When We Were There

  • Dates
    2021 - 2024
  • Author
  • Topics Archive, Contemporary Issues, Daily Life, Documentary, Street Photography, Travel
  • Location Newcastle, Australia

The project examines patterns of representation and the coerciveness of the photograph. The layering of photographs using a collage technique, unveil ways of seeing and emphasise misalignments between memory and experience.

When We Were There is a visual atlas of memory and representation. The project forms part of a creative practice project which interrogates the role of photographic representation in architecture. The atlas of memories presented of collaged works draw on what we see in the layering of representations from postcards, architectural drawings, paintings, and iconic photographs to establish how we see through a repeated representational language and coerciveness of buildings and places. These simulacra become the containers of memory, the visual cue to the unveiling and revealing of the experience of monument and place.

The Coercive Experience

In the travel and visiting of new places, how we see and record this event has been coerced. Further, as architects these preconceptions are even more elaborated in the repeated presentation of seminal works of architecture which frame our understanding and scenography of buildings.

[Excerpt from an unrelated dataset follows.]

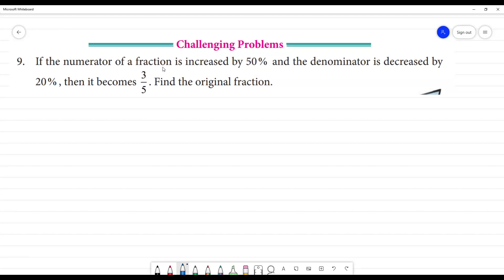If the numerator of a fraction is increased by 50 percent and the denominator is decreased by 20 percent, then it becomes 3 by 5. Find the original fraction.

Photographs form expectation and experience.

Through its history, the postcard has encapsulated this experience, reiterated and distributed in what Jean Baudrillard calls an ‘uninterrupted circuit without reference or circumference’. The postcards commercial success and the machine of representation, has in effect become part of the aura of the place it presents. It never rains in the postcard; the sun is always shining. People are largely absent in postcards, yet our experience is met with the incessant clicking of camera buttons, navigating selfie sticks, shoving or just waiting for people to get out of the frame. Somehow though, the postcard prevails as the memento of experience, whether to be collected or sent home to the tune of ‘wish you were here’.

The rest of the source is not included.